Envision a funky urban track infused with groove and rhythm. The bassline is funky and infectious, driving the foundation of the composition. Tight and crisp drums provide a rhythmic backdrop for syncopated guitar riffs that encourage head-nodding. Horns punctuate the arrangement with bursts of energy, while a charismatic vocal line adds an element of swagger and streetwise cool.

Classical Elegance and Grace:

Picture an exquisite classical composition performed by a full orchestra. Delicate strings open the piece with a graceful melody, while woodwinds and brass add depth and richness. The music flows seamlessly through different sections, with moments of crescendo and decrescendo that convey emotions ranging from melancholy to triumph. The composition culminates in a breathtaking symphonic climax.

Upbeat Electronic Fusion:

Envision a dynamic electronic fusion piece that seamlessly blends elements of electronic dance music with world influences. Upbeat synthesizers introduce a catchy melody, while pulsating electronic beats drive the rhythm. Ethnic percussion and sampled instruments add a global flavor, creating a diverse sonic palette. The music builds to euphoric drops, inviting listeners to dance and celebrate.

Wrapping up

And that wraps up this guide to deploying Meta AI’s MusicGen text-to-music model on Google Colab! With just a few simple steps, you can now start generating original AI-powered music compositions from text prompts.
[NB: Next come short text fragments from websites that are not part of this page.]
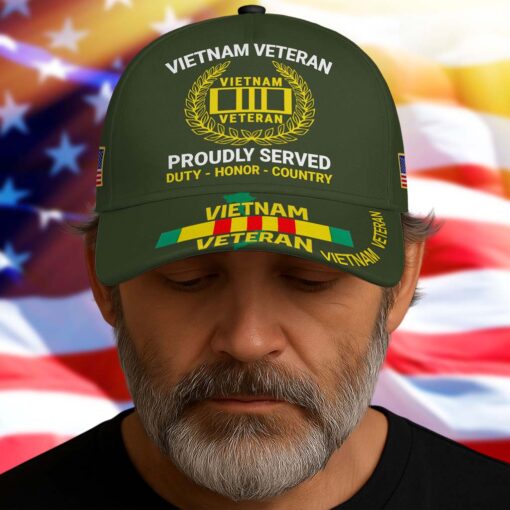 Vietnam Veteran Cap, Proudly Served, Duty - Honor - Country, Military Gifts Cap UKTD5250703 - Image 4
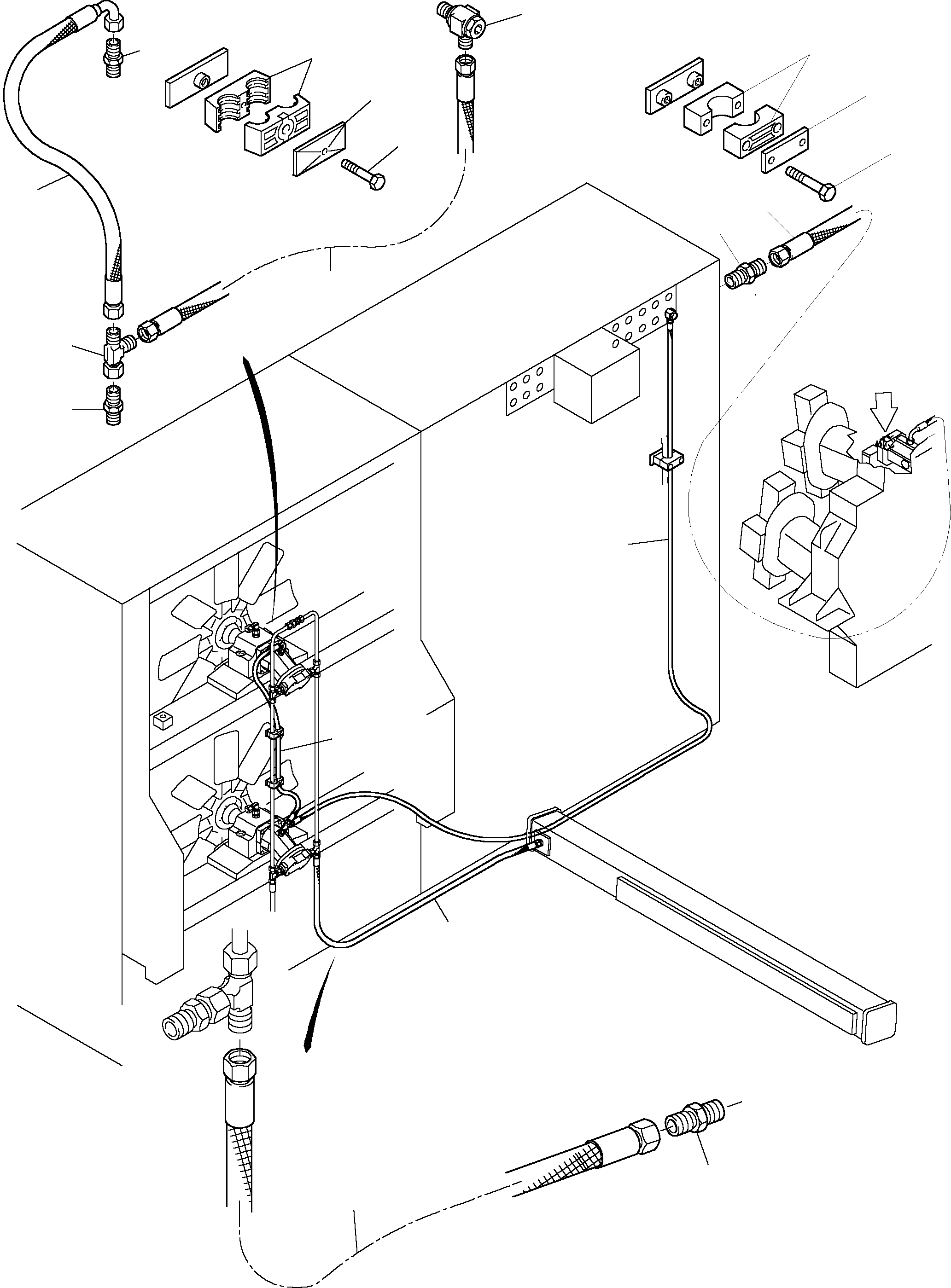 Komatsu parts book diagram for PC3000-1 S/N 06190: RETURN LINES - FAN MOTORS, FAN PUMP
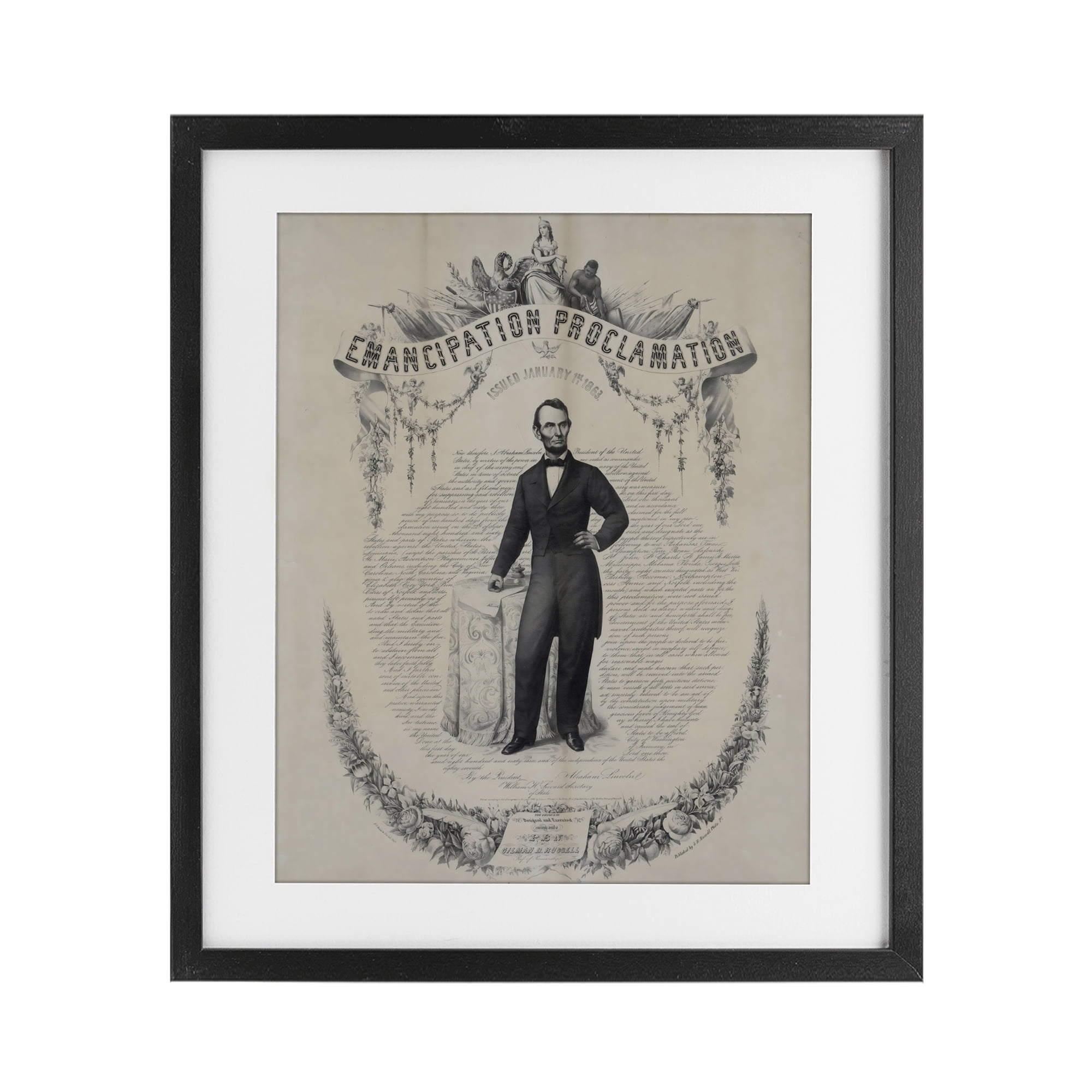 Stupell Industries Lincoln with Emancipation Proclamation Black Framed Print Under Glass, design by Arlington Prints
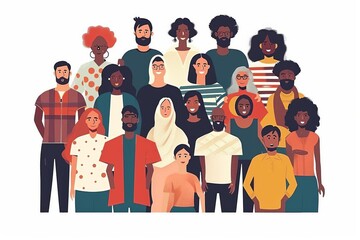 Wall Mural - diverse group of people from different races genders ages and cultures community unity concept illustration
The key is getting the model installed and running in your Colab environment. Once set up, the intuitive interface makes it easy to experiment with different genres, instruments, melodies, and more to produce unique musical creations.While writing compelling prompts is an art that takes practice, MusicGen opens up endless possibilities. You can create 10-second clips to full instrumental tracks with just a few clicks and lines of text.
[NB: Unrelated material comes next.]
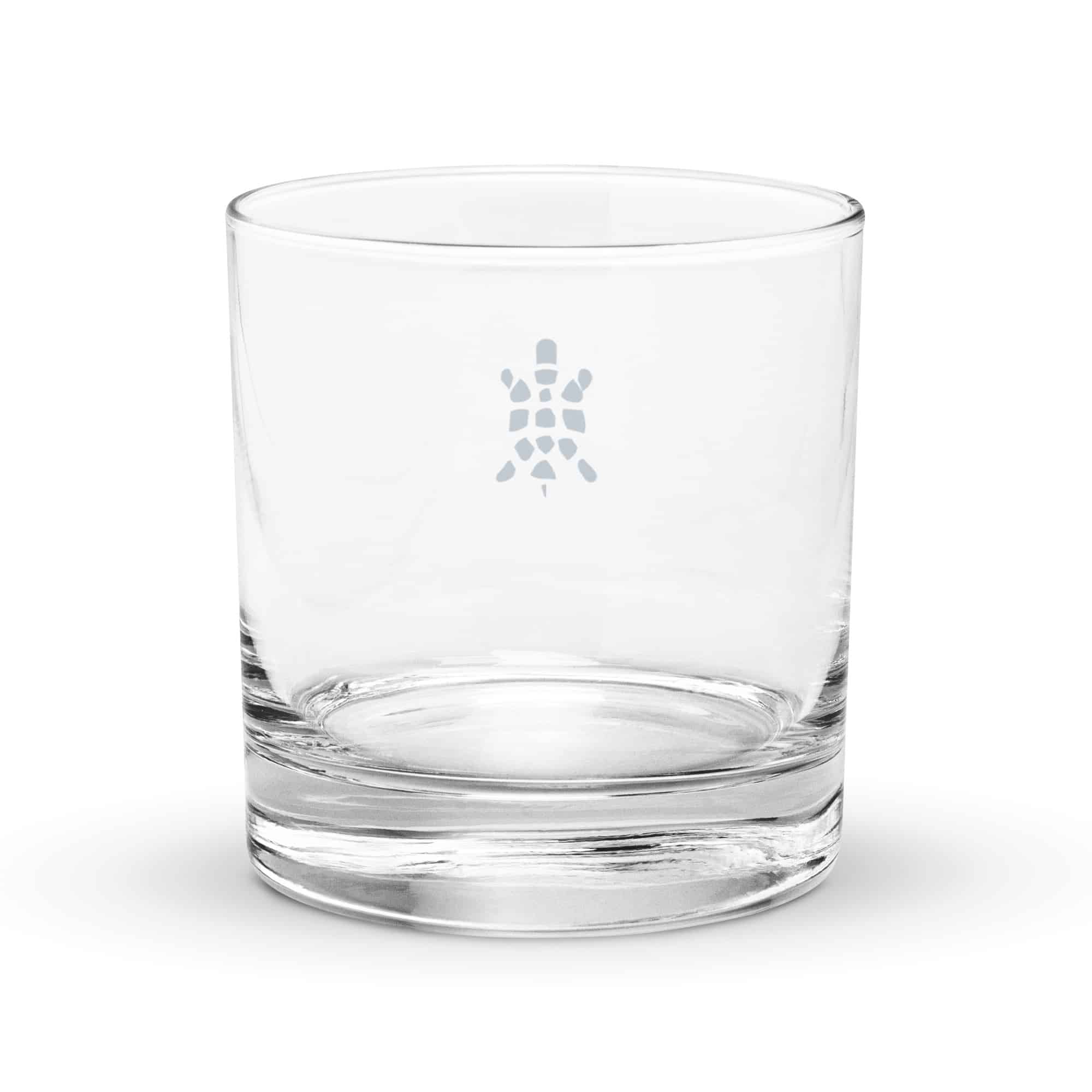 Navy Sheltowee Inspired Turtle Icon Rocks Glass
This transformative technology allows anyone to tap into advanced generative audio, no musical skills required. All you need is some creativity and inspiration to fuel MusicGen. We’ve only scratched the surface of what this text-to-music AI can produce.So go ahead, explore your inner musical genius and see what captivating compositions you can generate with MusicGen! The world of AI-assisted music creation awaits.